Perpetual futures contracts for Bitcoin, the most heavily traded crypto instrument, remain bearish, with negative funding rates meaning shorts pay longs to hold positions. Ether and altcoins face similar pressure, while DeFi volumes remain subdued since the October 10 liquidation. Meanwhile, open interest in Solana, XRP and other tokens has yet to recover meaningfully, according to Coinglass data. On this note, 2025 marked the year when altcoins significantly underperformed with the CMC Altcoin Season Index, which measures the performance of the top 100 altcoins relative to Bitcoin, dropping to nearly its yearly low of 12.
This said, the current lacklustre action raises concerns of yet another 'crypto winter’, a term cemented in the industry to define the broader boom‑and‑bust nature of digital assets. The last major 'winter' occurred between 2021-2023 during which Bitcoin fell more than 70% from peak‑to‑trough.
Upside still in the cards - Could $150,000 be next?
The market currently lacks clear direction, with Bitcoin trading in a narrow $90,000-$95,000 range. However, JPMorgan analysts identify a potential floor near $94,000 into year‑end and project meaningful upside through 2026. Their forecast for next year sees Bitcoin approaching $150,000-$170,000, supported by ETF growth, a reset of corporate crypto treasuries, expanding stablecoin integration by banks and increased availability of crypto custody, staking and lending services. Wall Street’s push toward asset tokenisation is set to further strengthen the structural case.
Additionally, major blockchain upgrades - including Ethereum’s Pectra and Fusaka launches — are expected to accelerate payment‑network integration. Ethereum could rise to $8,000-$10,000 with network expansion and renewed DeFi momentum, as well as demand by a rising 'future-of-money' stablecoin and central bank digital currencies (CBDCs) industry for its blockchain infrastructure.
Potential headwinds
Bitcoin could face several challenges in 2026. Tighter monetary policy, slower economic growth or a new wave of tariff threats could weigh on prices if central banks revert to a restrictive stance .
Moreover, regulatory crackdowns in key markets remain a possibility, even though crypto oversight was not included in the SEC’s 2026 agenda. That said, new IRS reporting rules taking effect on January 1, 2026, requiring exchanges to report cost‑basis details for all customer transactions, may increase compliance burdens and influence investor behaviour.
Additionally, competition from Ethereum, Solana and other networks, combined with broader economic volatility or a potential equity‑market downturn, could further pressure Bitcoin’s performance.
What lies ahead: Outlook hinges on ‘Clarity’
The sharp reversal of 2025 revealed both the fragility and resilience of the crypto market. Prices fell, institutional momentum faded, and Bitcoin trailed the S&P 500 for the first time in over a decade - a rare divergence despite an administration pledging to make America the “crypto capital of the world.”
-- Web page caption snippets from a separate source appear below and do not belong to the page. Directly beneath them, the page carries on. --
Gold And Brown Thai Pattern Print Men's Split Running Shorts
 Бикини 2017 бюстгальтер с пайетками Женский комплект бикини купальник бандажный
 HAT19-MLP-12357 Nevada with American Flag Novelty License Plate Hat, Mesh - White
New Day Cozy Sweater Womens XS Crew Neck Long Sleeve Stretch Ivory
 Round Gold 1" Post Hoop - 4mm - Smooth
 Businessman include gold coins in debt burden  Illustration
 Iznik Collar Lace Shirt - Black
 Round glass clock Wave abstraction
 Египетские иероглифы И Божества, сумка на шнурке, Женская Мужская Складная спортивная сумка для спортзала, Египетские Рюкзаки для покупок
Renewal may hinge on the forthcoming ‘Clarity Act’ in early 2026, which promises long‑awaited regulatory certainty. Momentum could be further reinforced by crypto‑friendly leadership, with Kevin Hassett emerging as Donald Trump’s top candidate to lead the Fed, a move markets expect to bring a dovish and digital‑asset supportive stance.
If combined with Fed cuts, solid economic growth, the AI‑driven equity boom, expanding blockchain payments, and sustained stablecoin demand, the essential pieces could be reassembled, provided none are found missing, and conditions could align for a renewed bullish phase. Structural tailwinds suggest Bitcoin may still target $150,000, though risks remain should regulatory or economic shocks materialise.